1. Let [tex]a,b,c[/tex] be the three points of intersection, i.e. the solutions to [tex]f(x)=g(x)[/tex]. They are approximately
[tex]a\approx-3.638[/tex]
[tex]b\approx-1.862[/tex]
[tex]c\approx0.889[/tex]
Then the area [tex]R+S[/tex] is
[tex]\displaystyle\int_a^c|f(x)-g(x)|\,\mathrm dx=\int_a^b(g(x)-f(x))\,\mathrm dx+\int_b^c(f(x)-g(x))\,\mathrm dx[/tex]
since over the interval [tex][a,b][/tex] we have [tex]g(x)\ge f(x)[/tex], and over the interval [tex][b,c][/tex] we have [tex]g(x)\le f(x)[/tex].
[tex]\displaystyle\int_a^b\left(\dfrac{x+1}3-\cos x\right)\,\mathrm dx+\int_b^c\left(\cos x-\dfrac{x+1}3\right)\,\mathrm dx\approx\boxed{1.662}[/tex]
2. Using the washer method, we generate washers with inner radius [tex]r_{\rm in}(x)=2-\max\{f(x),g(x)\}[/tex] and outer radius [tex]r_{\rm out}(x)=2-\min\{f(x),g(x)\}[/tex]. Each washer has volume [tex]\pi({r_{\rm out}(x)}^2-{r_{\rm in}(x)}^2)[/tex], so that the volume is given by the integral
[tex]\displaystyle\pi\int_a^b\left((2-\cos x)^2-\left(2-\frac{x+1}3\right)^2\right)\,\mathrm dx+\pi\int_b^c\left(\left(2-\frac{x+1}3\right)^2-(2-\cos x)^2\right)\,\mathrm dx\approx\boxed{18.900}[/tex]
3. Each semicircular cross section has diameter [tex]g(x)-f(x)[/tex]. The area of a semicircle with diameter [tex]d[/tex] is [tex]\dfrac{\pi d^2}8[/tex], so the volume is
[tex]\displaystyle\frac\pi8\int_a^b\left(\frac{x+1}3-\cos x\right)^2\,\mathrm dx\approx\boxed{0.043}[/tex]
4. [tex]f(x)=\cos x[/tex] is continuous and differentiable everywhere, so the the mean value theorem applies. We have
[tex]f'(x)=-\sin x[/tex]
and by the MVT there is at least one [tex]c\in(0,\pi)[/tex] such that
[tex]-\sin c=\dfrac{\cos\pi-\cos0}{\pi-0}[/tex]

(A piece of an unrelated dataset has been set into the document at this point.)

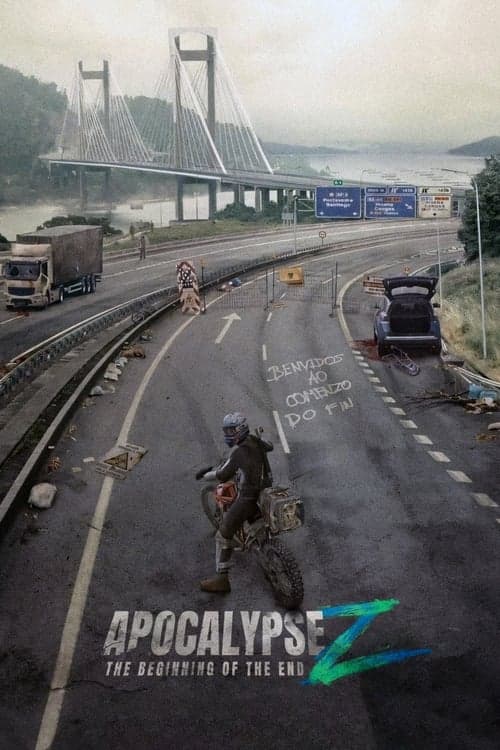Apocalipsis Z: el principio del fin (2024) movie poster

[tex]\implies\sin c=\dfrac2\pi[/tex]
[tex]\implies c=\sin^{-1}\dfrac2\pi+2n\pi[/tex]
for integers [tex]n[/tex], but only one solution falls in the interval [tex][0,\pi][/tex] when [tex]n=0[/tex], giving [tex]c=\sin^{-1}\dfrac2\pi\approx\boxed{0.690}[/tex]
5. Take the derivative of the velocity function:
[tex]v'(t)=2t-9[/tex]
We have [tex]v'(t)=0[/tex] when [tex]t=\dfrac92=4.5[/tex]. For [tex]0\le t<4.5[/tex], we see that [tex]v'(t)<0[/tex], while for [tex]4.5<t\le8[/tex], we see that [tex]v'(t)>0[/tex]. So the particle is speeding up on the interval [tex]\boxed{\dfrac92<t\le8}[/tex] and slowing down on the interval [tex]\boxed{0\le t<\dfrac92}[/tex].